*Problem to work on*:
Please give back, word for word, each line from the start of the entries through the one in which "Dating Diary chapter 16 halaman 12" is found.
Start of Exercise data
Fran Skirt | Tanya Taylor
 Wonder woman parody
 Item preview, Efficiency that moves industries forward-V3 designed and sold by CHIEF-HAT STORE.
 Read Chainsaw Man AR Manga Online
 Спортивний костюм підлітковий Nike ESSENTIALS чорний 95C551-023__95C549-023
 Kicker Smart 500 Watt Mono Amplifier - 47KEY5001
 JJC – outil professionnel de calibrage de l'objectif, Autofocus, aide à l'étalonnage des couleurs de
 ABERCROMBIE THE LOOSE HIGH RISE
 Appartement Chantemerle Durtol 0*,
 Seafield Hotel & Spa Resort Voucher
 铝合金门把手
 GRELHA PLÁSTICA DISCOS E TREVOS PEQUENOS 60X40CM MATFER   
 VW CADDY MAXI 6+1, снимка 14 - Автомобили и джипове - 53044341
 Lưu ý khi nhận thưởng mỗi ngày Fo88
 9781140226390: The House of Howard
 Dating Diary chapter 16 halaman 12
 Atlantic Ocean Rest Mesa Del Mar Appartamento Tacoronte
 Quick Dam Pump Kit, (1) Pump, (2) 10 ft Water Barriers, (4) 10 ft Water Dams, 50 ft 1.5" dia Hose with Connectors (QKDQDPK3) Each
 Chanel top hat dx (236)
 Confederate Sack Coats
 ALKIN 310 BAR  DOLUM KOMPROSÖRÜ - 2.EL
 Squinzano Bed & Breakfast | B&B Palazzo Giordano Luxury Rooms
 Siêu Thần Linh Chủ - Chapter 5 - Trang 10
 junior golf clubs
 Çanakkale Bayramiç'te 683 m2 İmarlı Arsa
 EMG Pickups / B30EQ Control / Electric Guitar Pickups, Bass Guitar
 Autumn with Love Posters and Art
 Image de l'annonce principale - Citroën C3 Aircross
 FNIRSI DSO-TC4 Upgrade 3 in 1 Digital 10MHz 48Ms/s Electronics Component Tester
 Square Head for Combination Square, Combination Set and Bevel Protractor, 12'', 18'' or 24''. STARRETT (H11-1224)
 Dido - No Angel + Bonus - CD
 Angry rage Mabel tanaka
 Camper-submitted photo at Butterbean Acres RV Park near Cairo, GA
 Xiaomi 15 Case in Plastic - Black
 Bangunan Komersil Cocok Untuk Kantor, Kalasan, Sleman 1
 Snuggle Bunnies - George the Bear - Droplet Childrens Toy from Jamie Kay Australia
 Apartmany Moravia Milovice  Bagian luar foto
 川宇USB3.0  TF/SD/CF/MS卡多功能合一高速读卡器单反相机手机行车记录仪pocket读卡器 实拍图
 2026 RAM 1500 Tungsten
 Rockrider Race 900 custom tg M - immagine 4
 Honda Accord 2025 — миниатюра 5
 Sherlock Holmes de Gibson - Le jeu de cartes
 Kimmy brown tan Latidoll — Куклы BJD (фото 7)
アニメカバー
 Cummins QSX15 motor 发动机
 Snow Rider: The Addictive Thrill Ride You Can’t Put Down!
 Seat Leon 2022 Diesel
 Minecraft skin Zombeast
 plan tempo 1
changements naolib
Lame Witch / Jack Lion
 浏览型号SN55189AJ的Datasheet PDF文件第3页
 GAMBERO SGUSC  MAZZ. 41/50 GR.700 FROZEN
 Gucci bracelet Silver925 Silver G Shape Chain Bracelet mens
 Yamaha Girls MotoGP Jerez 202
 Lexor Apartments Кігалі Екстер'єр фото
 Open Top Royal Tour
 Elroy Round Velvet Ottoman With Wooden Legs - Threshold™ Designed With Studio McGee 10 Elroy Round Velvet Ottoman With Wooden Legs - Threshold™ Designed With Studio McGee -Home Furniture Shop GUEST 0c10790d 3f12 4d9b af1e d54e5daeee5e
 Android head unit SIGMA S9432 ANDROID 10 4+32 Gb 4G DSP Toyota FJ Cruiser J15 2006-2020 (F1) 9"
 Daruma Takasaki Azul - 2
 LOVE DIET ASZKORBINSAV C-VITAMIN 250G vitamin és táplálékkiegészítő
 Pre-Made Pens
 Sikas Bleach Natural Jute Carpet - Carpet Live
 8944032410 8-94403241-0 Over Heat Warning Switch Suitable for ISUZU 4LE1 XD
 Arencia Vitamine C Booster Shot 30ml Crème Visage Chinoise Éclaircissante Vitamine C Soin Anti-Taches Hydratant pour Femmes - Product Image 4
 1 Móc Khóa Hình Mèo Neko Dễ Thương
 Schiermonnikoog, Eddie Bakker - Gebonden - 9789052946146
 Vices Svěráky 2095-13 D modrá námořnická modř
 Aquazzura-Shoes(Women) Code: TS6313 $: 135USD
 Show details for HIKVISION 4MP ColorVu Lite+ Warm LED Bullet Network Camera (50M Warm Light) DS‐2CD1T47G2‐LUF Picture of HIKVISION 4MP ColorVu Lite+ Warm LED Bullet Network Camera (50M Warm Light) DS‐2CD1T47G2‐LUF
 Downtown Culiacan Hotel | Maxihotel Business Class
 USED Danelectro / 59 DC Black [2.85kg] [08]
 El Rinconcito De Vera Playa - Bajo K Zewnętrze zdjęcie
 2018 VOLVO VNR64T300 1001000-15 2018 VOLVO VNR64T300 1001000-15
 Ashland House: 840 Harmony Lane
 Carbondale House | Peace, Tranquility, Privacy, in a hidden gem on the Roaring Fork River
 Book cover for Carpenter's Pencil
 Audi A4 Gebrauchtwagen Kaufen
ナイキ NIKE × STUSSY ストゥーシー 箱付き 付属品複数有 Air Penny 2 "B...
End of Exercise data
*Expected output*:
Fran Skirt | Tanya Taylor
 Wonder woman parody
 Item preview, Efficiency that moves industries forward-V3 designed and sold by CHIEF-HAT STORE.
 Read Chainsaw Man AR Manga Online
 Спортивний костюм підлітковий Nike ESSENTIALS чорний 95C551-023__95C549-023
 Kicker Smart 500 Watt Mono Amplifier - 47KEY5001
 JJC – outil professionnel de calibrage de l'objectif, Autofocus, aide à l'étalonnage des couleurs de
 ABERCROMBIE THE LOOSE HIGH RISE
 Appartement Chantemerle Durtol 0*,
 Seafield Hotel & Spa Resort Voucher
 铝合金门把手
 GRELHA PLÁSTICA DISCOS E TREVOS PEQUENOS 60X40CM MATFER   
 VW CADDY MAXI 6+1, снимка 14 - Автомобили и джипове - 53044341
 Lưu ý khi nhận thưởng mỗi ngày Fo88
 9781140226390: The House of Howard
 Dating Diary chapter 16 halaman 12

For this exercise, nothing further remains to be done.